Connecticut Air Guard trains with TSA, State Police
By Tech. Sgt. Steven Tucker, 103rd Airlift Wing
/ Published August 08, 2021
EAST GRANBY, Conn. --
The 103rd Security Forces Squadron partnered with the Transportation Security Administration and Connecticut State Police to test Bradley Air National Guard Base’s response to a drone incursion Aug. 5.
With the increased prevalence of drone activity around the world, the 103rd developed an exercise scenario in which an unauthorized drone flies over and lands within the grounds of the base.
“Drones are an emerging hot threat topic for the Air Force,” said Master Sgt. Jessica Roy, 103rd Security Forces Squadron antiterrorism program manager and superintendent of intelligence and investigations. “It’s not a matter of if, it’s a matter of when there is going to be activity. In the spirit of running an anti-terrorism program and being the focal point of force protection for the wing, when we see these emerging threats we try to get creative and think of ways to educate and prepare people for a response of that nature.”
Although many drone operators are hobbyists that cause no harm, the technology is increasingly being used in ways that present security concerns, said Roy.
“People use this technology to conduct counter-surveillance and test what a site’s response would be, and it’s very hands off for them because they could be far away but still monitoring response forces,” said Roy.
In the exercise scenario, Airmen identify the unauthorized drone and notify Security Forces. This notification initiates a joint response from base emergency response personnel and civilian law enforcement agencies, including TSA and Connecticut State Police units located at Bradley International Airport.
The 103rd leveraged existing relationships with the partner agencies to plan this exercise.
“We started working with the TSA because they were deemed the point of contact and responding agency for the state [for drone incidents],” said Roy. “They actually reached out and asked us for our knowledge related to small unmanned aircraft systems, or SUAS.”
This knowledge has made the 103rd an integral partner for drone response within the state.
“In Connecticut, TSA, CSP and the Air Guard are the primary members of a UAS rapid response team,” said Steve Blindbury, TSA’s Connecticut Assistant Federal Security Director for Law Enforcement. “The only way to ensure you are truly ready to respond to an UAS incursion to commercial air space is to participate in frequent exercises.”
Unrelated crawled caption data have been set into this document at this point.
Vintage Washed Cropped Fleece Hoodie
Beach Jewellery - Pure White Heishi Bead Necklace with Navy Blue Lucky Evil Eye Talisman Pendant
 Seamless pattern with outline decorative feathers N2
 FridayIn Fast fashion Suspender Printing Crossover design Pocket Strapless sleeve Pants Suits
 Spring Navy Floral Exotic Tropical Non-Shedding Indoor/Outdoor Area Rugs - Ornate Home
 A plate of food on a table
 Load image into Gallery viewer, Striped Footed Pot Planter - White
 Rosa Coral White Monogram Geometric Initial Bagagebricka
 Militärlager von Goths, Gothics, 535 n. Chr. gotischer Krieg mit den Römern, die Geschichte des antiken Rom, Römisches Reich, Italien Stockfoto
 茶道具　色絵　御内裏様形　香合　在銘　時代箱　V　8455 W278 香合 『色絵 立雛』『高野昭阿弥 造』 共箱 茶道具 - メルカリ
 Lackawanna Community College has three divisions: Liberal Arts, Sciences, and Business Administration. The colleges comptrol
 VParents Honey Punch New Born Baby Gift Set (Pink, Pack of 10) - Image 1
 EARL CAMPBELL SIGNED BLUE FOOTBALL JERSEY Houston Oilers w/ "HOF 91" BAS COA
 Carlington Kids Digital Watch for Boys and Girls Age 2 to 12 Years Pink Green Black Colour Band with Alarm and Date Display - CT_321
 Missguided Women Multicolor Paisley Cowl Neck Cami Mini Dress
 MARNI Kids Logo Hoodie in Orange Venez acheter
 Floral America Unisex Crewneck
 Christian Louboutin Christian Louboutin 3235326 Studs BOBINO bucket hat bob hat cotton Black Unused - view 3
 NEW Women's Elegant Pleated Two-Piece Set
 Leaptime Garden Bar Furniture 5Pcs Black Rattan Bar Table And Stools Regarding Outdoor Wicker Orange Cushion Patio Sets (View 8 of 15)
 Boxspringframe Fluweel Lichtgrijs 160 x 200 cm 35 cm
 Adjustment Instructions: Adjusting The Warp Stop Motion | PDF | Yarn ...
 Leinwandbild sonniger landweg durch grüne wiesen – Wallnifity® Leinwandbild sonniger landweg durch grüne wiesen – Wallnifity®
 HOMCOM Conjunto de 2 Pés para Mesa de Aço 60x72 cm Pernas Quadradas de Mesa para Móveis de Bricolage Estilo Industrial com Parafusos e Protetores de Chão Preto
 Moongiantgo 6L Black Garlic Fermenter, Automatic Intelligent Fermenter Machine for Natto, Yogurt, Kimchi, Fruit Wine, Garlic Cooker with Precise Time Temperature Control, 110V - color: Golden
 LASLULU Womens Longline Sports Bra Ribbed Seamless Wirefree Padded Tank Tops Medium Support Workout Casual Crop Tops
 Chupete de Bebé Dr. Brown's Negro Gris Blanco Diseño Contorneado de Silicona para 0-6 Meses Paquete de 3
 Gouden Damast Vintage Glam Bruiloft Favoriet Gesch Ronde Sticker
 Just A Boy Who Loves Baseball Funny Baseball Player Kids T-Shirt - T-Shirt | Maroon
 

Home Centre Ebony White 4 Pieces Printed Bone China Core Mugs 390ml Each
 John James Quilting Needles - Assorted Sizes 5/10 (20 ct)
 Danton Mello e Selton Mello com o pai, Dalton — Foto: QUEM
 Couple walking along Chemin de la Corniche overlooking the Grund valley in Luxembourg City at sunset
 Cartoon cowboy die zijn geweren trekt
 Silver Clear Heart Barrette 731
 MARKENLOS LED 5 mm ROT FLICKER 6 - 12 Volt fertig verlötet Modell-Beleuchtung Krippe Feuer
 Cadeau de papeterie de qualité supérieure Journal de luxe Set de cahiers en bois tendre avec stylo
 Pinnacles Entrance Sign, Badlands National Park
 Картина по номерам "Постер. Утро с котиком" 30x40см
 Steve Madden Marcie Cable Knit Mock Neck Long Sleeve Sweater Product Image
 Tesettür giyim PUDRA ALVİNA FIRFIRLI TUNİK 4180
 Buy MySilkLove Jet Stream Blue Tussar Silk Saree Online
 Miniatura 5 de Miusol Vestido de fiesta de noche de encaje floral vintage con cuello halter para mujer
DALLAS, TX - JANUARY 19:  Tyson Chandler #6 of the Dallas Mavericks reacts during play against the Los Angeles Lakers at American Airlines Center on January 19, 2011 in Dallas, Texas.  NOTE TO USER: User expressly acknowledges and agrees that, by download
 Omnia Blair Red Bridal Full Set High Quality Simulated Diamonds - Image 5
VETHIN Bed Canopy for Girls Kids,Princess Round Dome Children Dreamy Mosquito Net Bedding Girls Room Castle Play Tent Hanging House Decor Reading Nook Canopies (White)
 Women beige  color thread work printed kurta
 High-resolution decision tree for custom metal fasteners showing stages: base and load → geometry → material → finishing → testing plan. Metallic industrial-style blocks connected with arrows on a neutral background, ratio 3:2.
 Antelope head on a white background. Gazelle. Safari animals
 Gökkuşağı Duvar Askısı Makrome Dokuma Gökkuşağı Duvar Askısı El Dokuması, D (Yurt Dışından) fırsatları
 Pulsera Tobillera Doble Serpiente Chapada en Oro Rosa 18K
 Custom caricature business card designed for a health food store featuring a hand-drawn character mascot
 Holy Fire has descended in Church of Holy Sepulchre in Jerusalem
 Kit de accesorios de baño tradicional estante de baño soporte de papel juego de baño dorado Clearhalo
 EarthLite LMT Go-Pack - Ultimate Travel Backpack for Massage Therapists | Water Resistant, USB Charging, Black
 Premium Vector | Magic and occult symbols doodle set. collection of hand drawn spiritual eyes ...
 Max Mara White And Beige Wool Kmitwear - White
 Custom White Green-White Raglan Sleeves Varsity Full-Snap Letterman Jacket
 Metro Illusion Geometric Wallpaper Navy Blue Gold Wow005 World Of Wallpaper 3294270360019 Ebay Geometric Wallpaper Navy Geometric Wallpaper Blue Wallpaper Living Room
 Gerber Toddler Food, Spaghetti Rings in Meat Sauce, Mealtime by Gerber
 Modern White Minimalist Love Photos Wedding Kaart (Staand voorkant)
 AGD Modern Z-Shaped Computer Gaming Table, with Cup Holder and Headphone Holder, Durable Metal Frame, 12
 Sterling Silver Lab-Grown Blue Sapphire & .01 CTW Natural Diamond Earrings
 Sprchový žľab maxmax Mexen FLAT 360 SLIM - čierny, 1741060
In March, Roy and Lt. Col. William Deme, 103rd Security Forces Squadron commander, attended a similar exercise in which TSA helped test Connecticut State Police’s ability to locate and stop unauthorized drones from interfering with commercial aviation. It was at this event that Roy thought of conducting an exercise for the wing.
“I talked to the Connecticut State Police aviation unit about trying to run something here and they were on board and excited about it because they get value out of it as well,” said Roy. “With the help of TSA and approval from the Federal Aviation Administration and wing leadership, we came up with this multi-agency antiterrorism exercise.”
Representatives from the Connecticut Intelligence Center Unit, U.S. Air Force Office of Special Investigations and 103rd Airlift Wing Inspector General’s office also attended the exercise.
Training with partner agencies helps provide realistic scenarios and promotes interagency cooperation, said Roy.
“I think it’s a huge win for the installation,” said Roy. We’ve worked really hard to build these relationships with these agencies, and we designed this exercise so they would get a benefit out of this too.”
With this first exercise iteration, the 103rd continues to develop innovative training opportunities to address emerging security threats and bolster the base’s readiness.
“The world outside our fence line is changing and threats are rapidly evolving--we have to be ready,” said Roy. “In the critical role that I am in, I want to do everything I can to ensure the safety of our personnel and prepare our Defenders to meet new challenges head-on. I hope that conceiving this new training scenario provided some realism and was a positive change of pace. I am excited to see what we come up with next.”